Because prior information was not available, prevalence of AFP, the 2 sensitivities, and the 2 specificities all were assumed to have independent uniform [0, 1] prior distributions. Similarly, covariances were given a bounded domain using uniform prior distributions:

Cov ~ dunif[(SPi−1)*(1−SPb)], min[(SPi,SPb)−(SPi*SPb)]

Cov+ ~ dunif[(SEi−1)*(1−SEb)], min[(SEi,SEb)−(SEi*SEb)]

We performed an initial burn-in of 500 iterations, followed by a subsequent 9,500 MCMC iterations, to generate the parameter estimates. We checked convergence by running a minimum of 3 multiple chains and verifying the results provided by the Sample Monitor Tool of Winbugs.9

For intraobserver and interobserver variability, serum total protein concentration was assessed using each refractometer in 15 serum samples by 5 different observers under farm conditions. Intraobserver and interobserver variability was estimated by calculating the intraclass correlation coefficient (ICC).

Determination of Serum Protein Concentration Threshold Values

In this study, calves with serum IgG concentration <1,600 mg/dL were considered to have FPT. For each refractometer, data were subjected to receiver operating characteristic (ROC) analysis to select the most appropriate serum protein concentration threshold for having adequate transfer of colostral immunity. Sensitivity (Se), specificity (Sp), area under curve (AUC), proportion of correctly classified calves, and Kappa statistic were used to assess the accuracy of each serum protein concentration threshold value. The percentage of correctly classified calves was calculated as follows: [Se × p] + [(Sp) × (1−p)], where p represents the prevalence of FPT observed in the studied population.

Relationship between Serum IgG, γ-GT Activity, and Ig

Pearson correlation coefficients were computed to assess the relationship between the serum IgG and the γ-GT activity and between the serum IgG and Ig. All calculations were made using the program SAS.10 Differences were considered statistically significant at the < .05 level.

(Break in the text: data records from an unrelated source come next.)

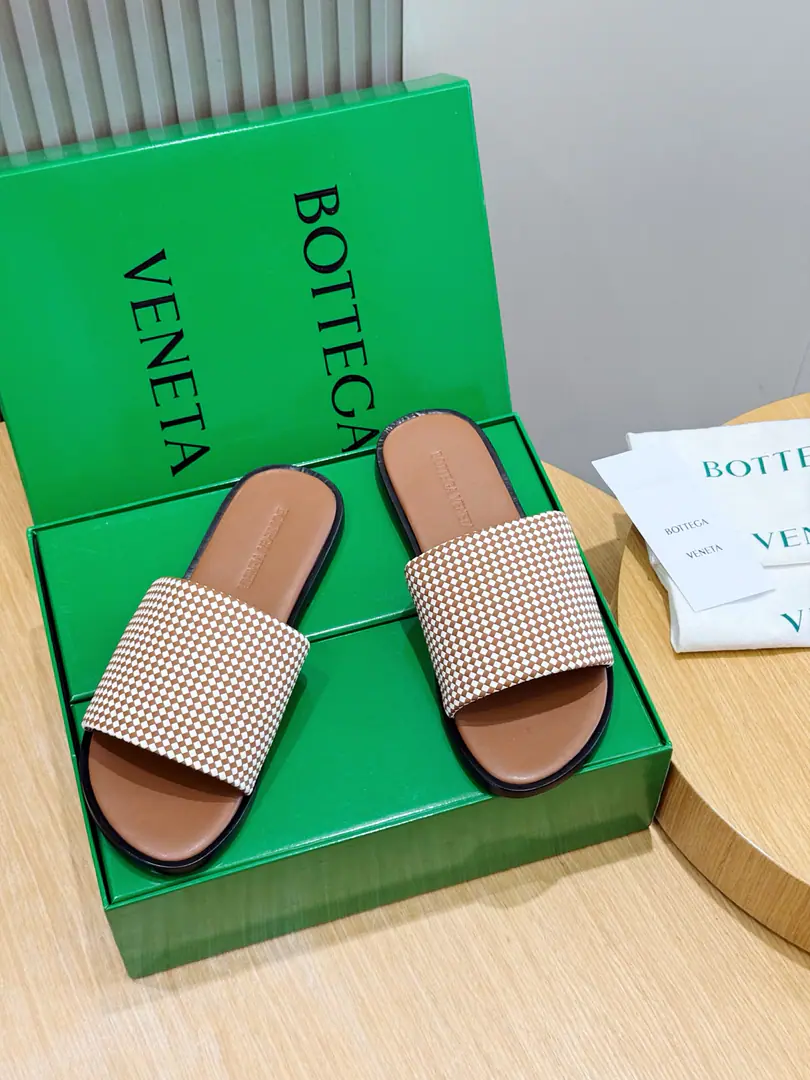 BVGentlemen.WaveShoes. IntrecciatoWeaving leather moller sandals, Streamline Outline A real leather skin., OpankaThe structure is consistent with human engineering. Italy %Cow leather. Size:39-44(38.45Do it.）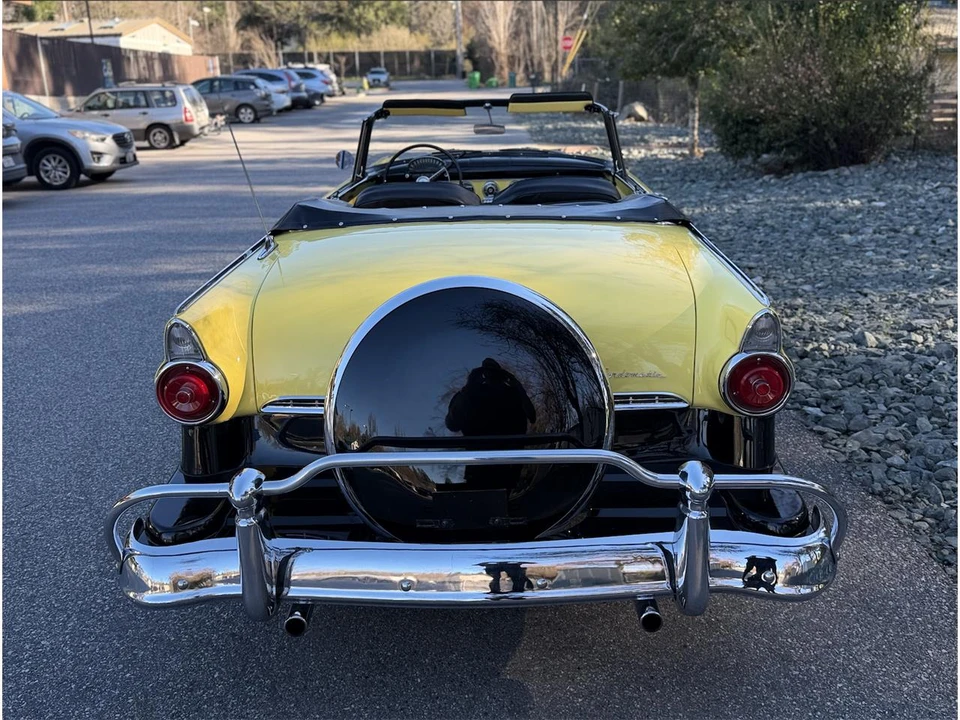 1955 Ford Fairlane 1st Gen - Image 4 of 31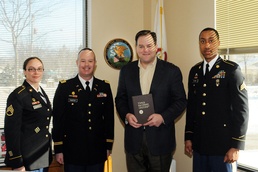 Chicago-based Army Reserve soldiers meet with state senator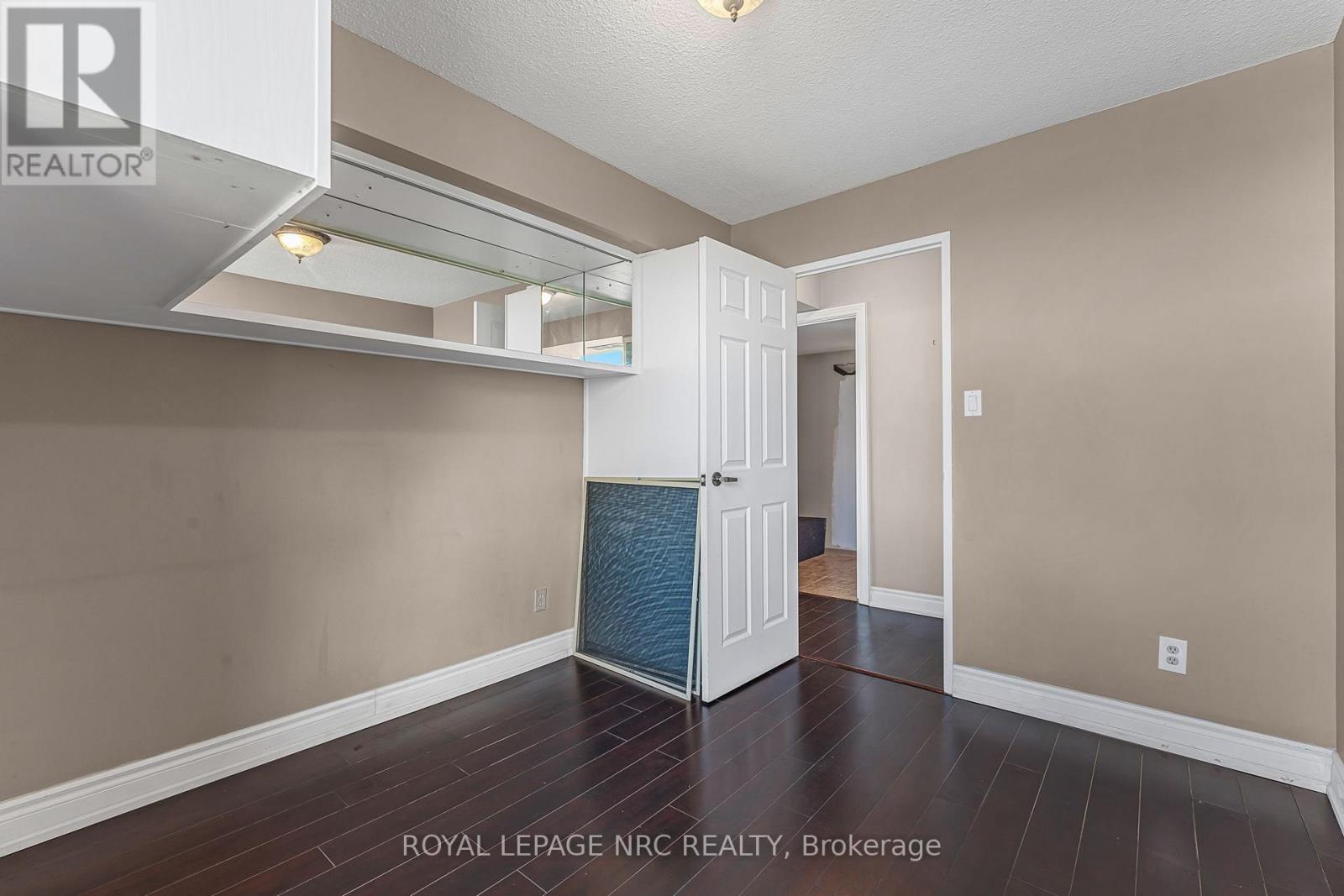 Photo 9 of Ph 1 7 Gale Crescent, St Catharines ON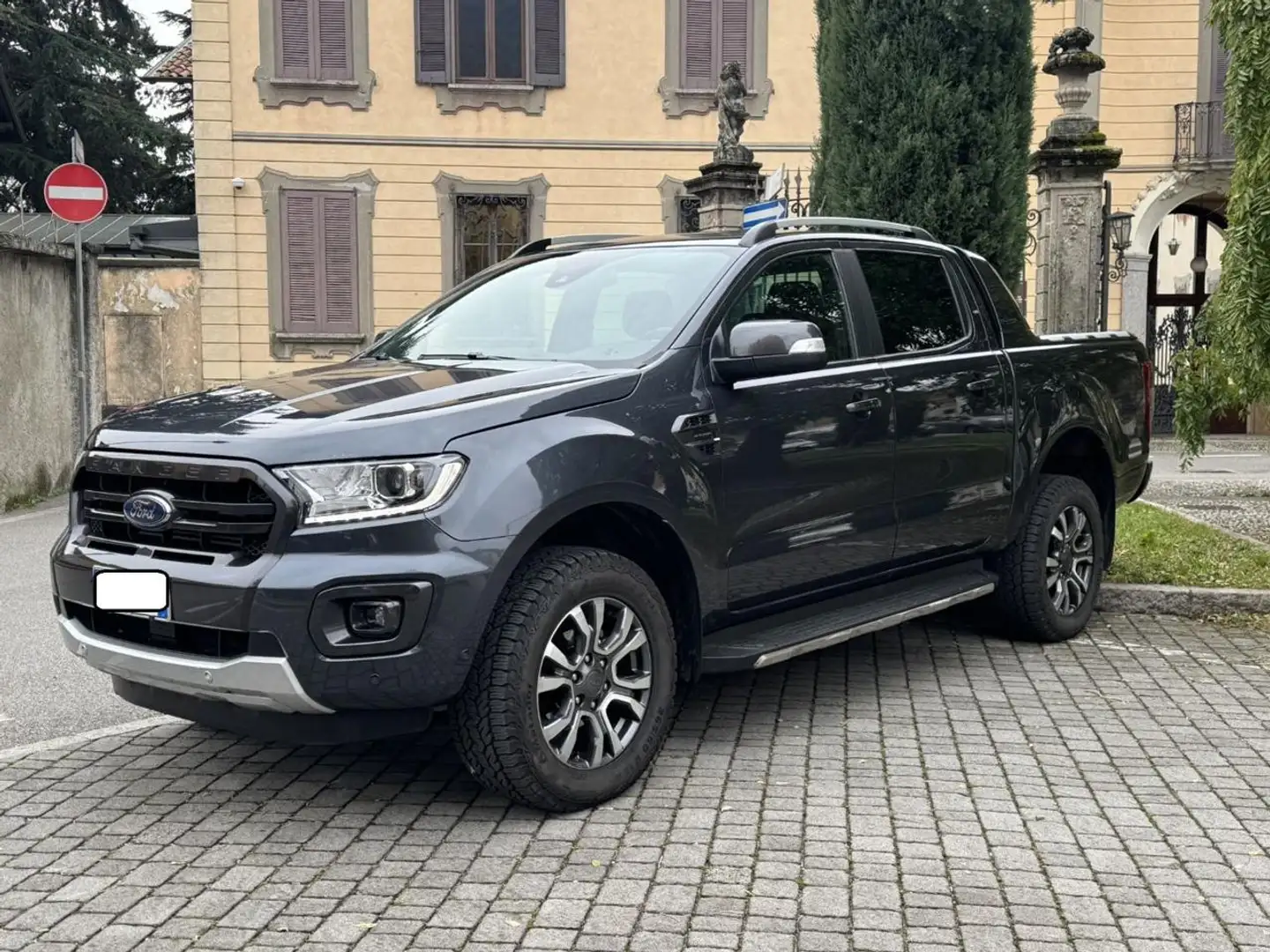 Ford Ranger 2.0 ECOBLUE aut. 213 CV DC Wildtrak 5 posti Grau - 1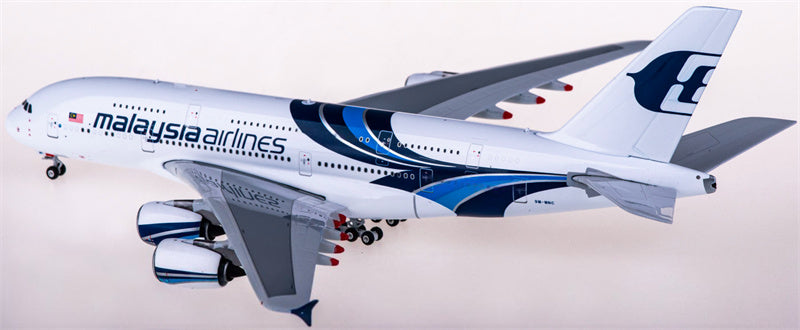 Phoenix Malaysia Airlines Airbus A380 9M-MNC 1:400 Diecast Model view 4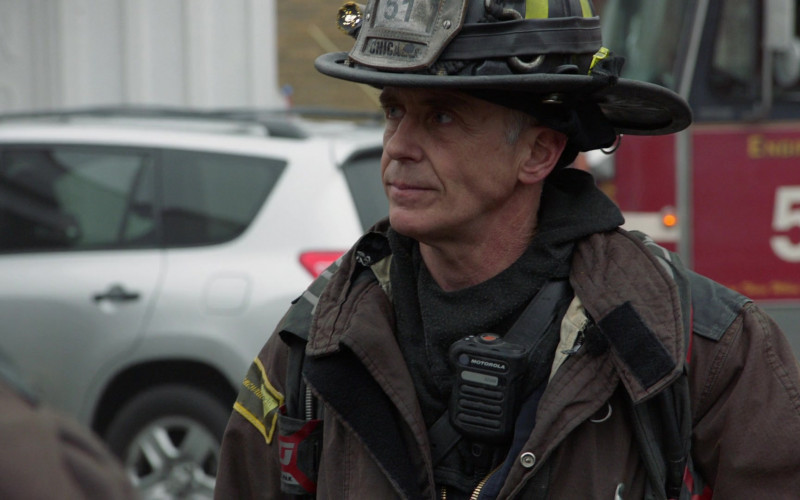 Motorola Radios Used by Firefighters (Actors) in Chicago Fire S09E10 TV Series (2)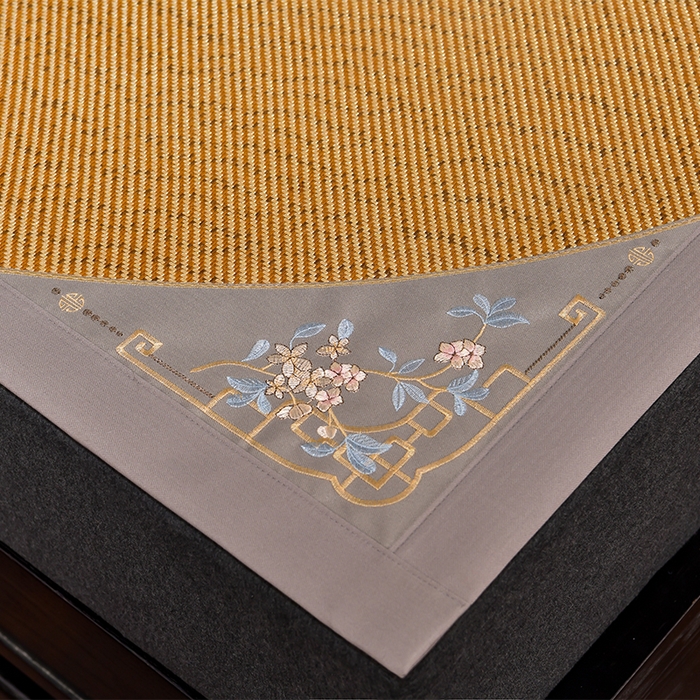 91家纺网 家纺一手货源 找家纺 小牛席业 2026新款对角绣冰藤双面席凉席席子 对角绣花-冰藤双面席深咖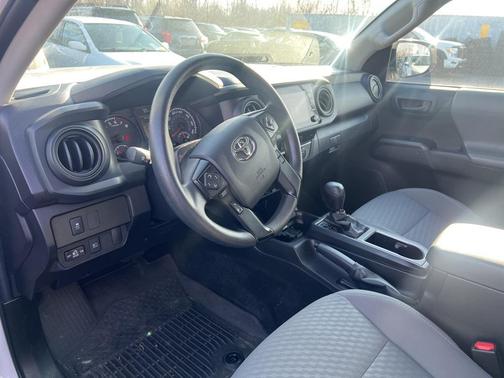 2022 Toyota Tacoma SR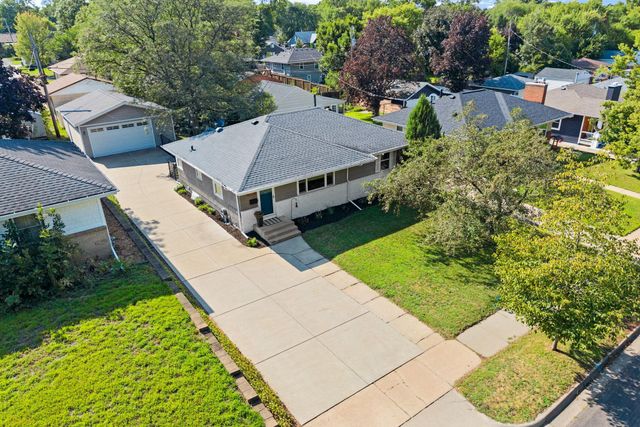 2652 Florida Avenue S, Saint Louis Park, MN 55426
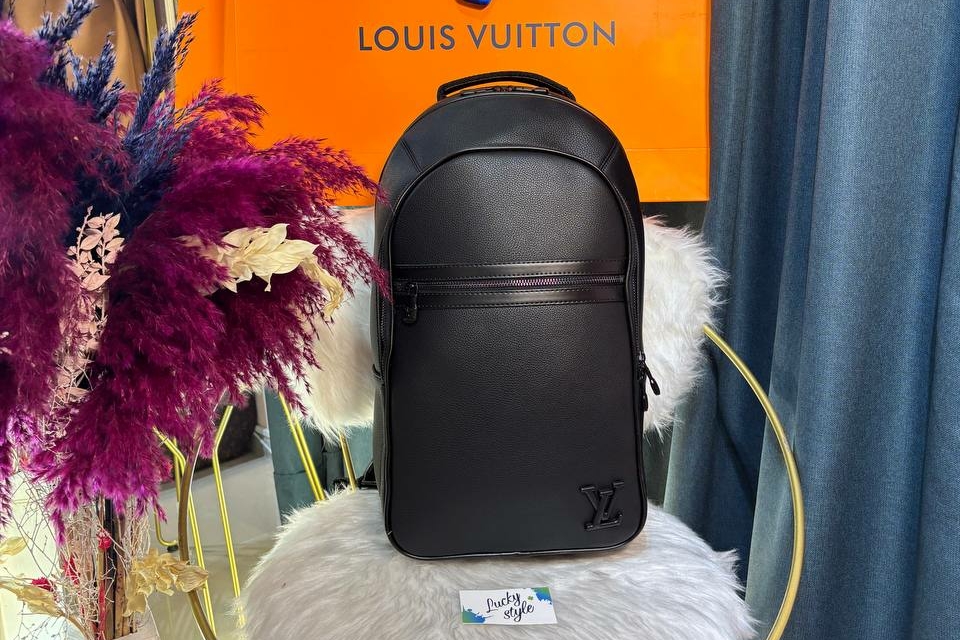 Рюкзак Louis Vuitton черный 96353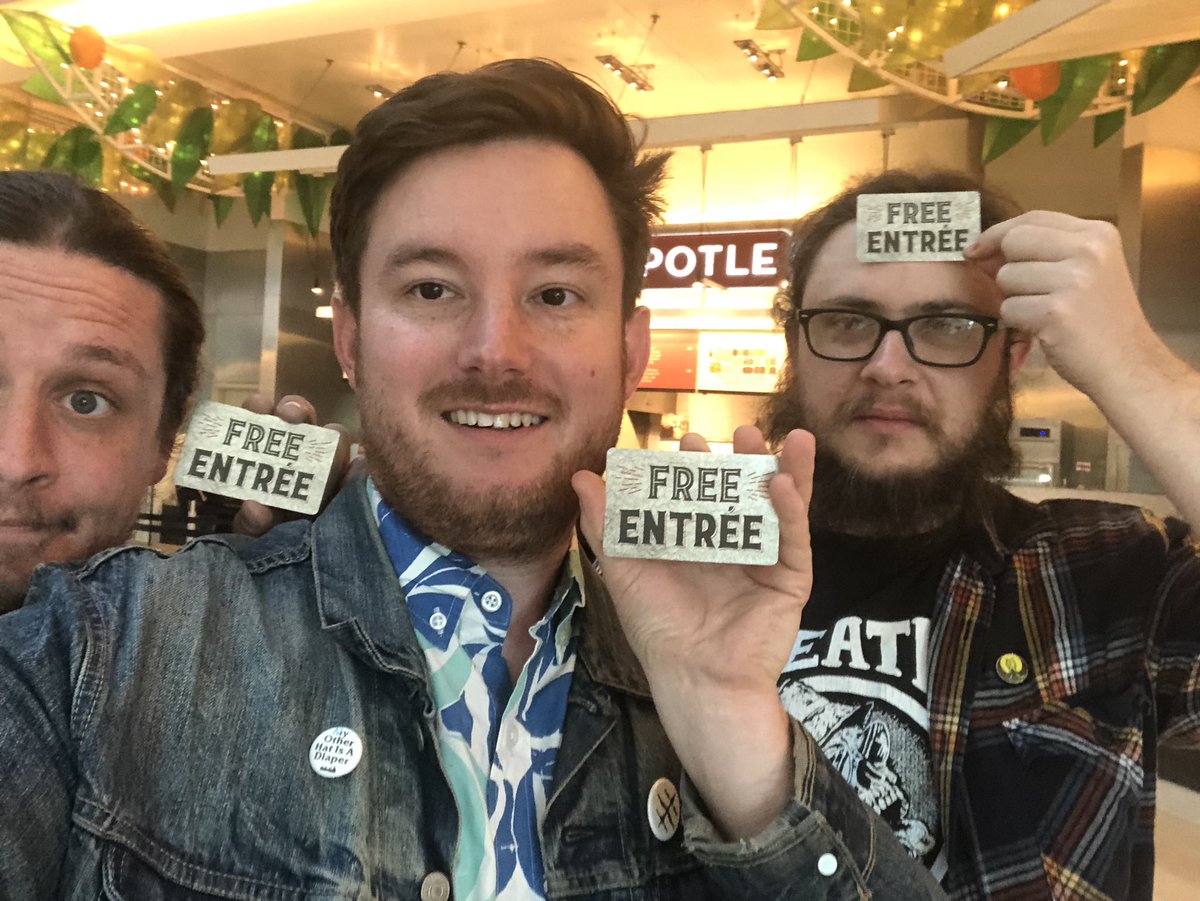 LateBloomerNC's tweet photo. Thanks to @ChipotleTweets for the coupons #wearepoor https://t.co/oCbzOrqXvW
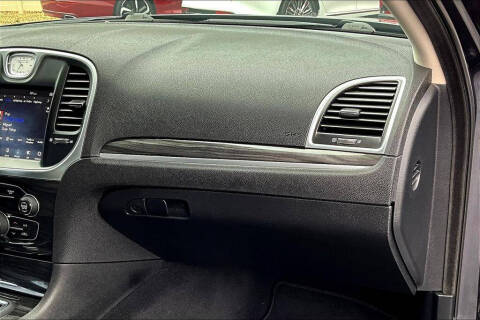 2019 Chrysler 300 Touring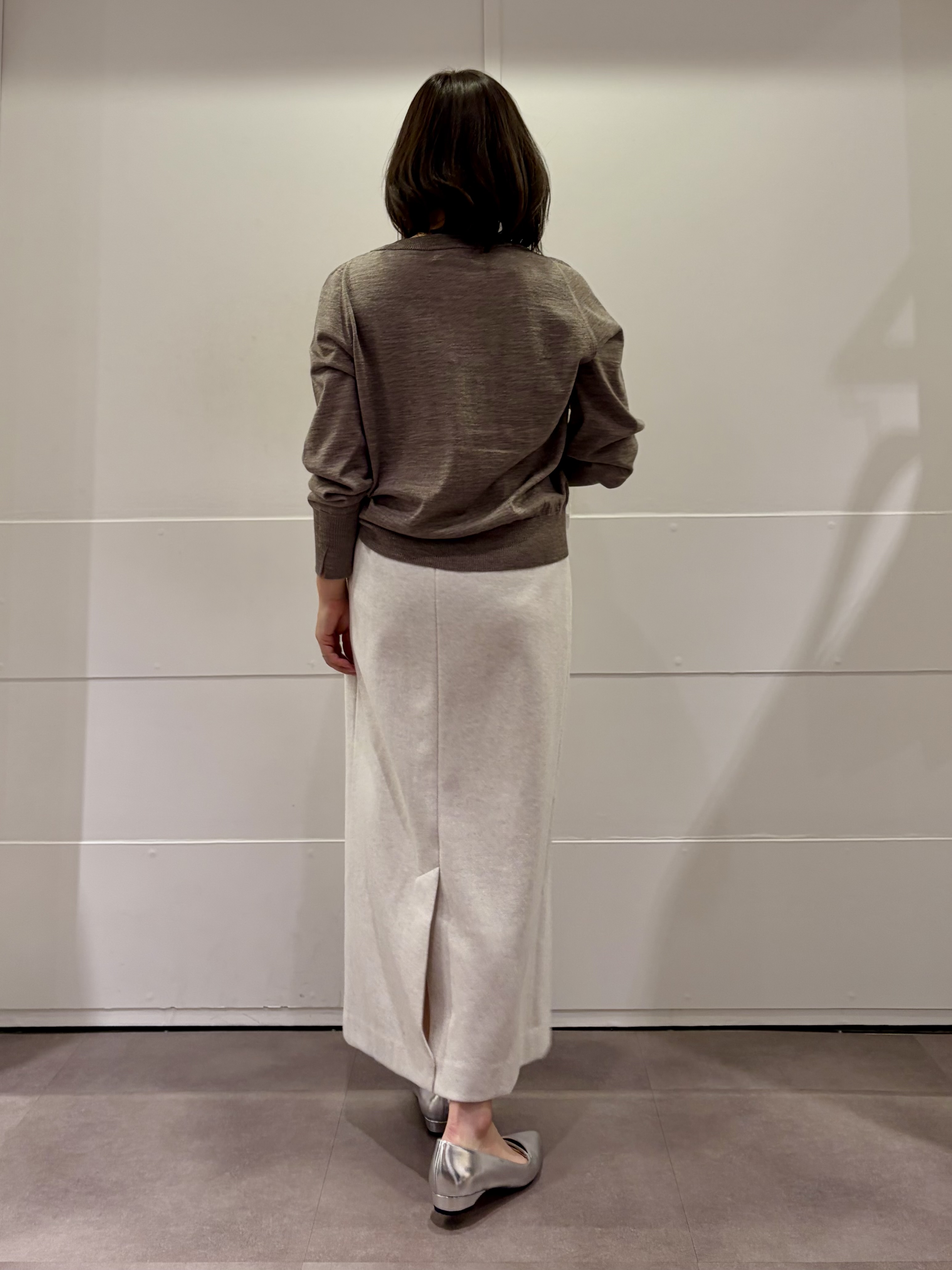 TOKOさんの「UNTITLED｜【アンサンブル可能/オンオフ使える】シルクウールカシミヤプルオーバー」を使ったコーディネート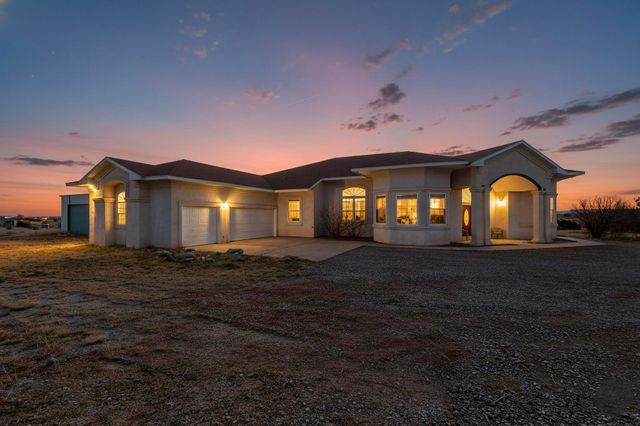 206 E Frost Road, Edgewood, NM 87015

Validation of the Refractometers

Serum total protein concentrations ranged from 48 to 83 g/L for the biuret method, from 46 to 80 g/L for the Atago and Atago ATC refractometers, from 45 to 78 g/L for the Wolf ATC refractometer, and from 45 to 79 g/L for the digital ATC refractometer. The serum total protein concentrations determined by each refractometer were highly correlated with those obtained by the biuret method. The correlation coefficients were 0.961 for the Atago ATC and digital ATC refractometers, 0.953 for the Wolf refractometer, and 0.964 for the Atago refractometer. No significant difference was found among the correlation coefficients.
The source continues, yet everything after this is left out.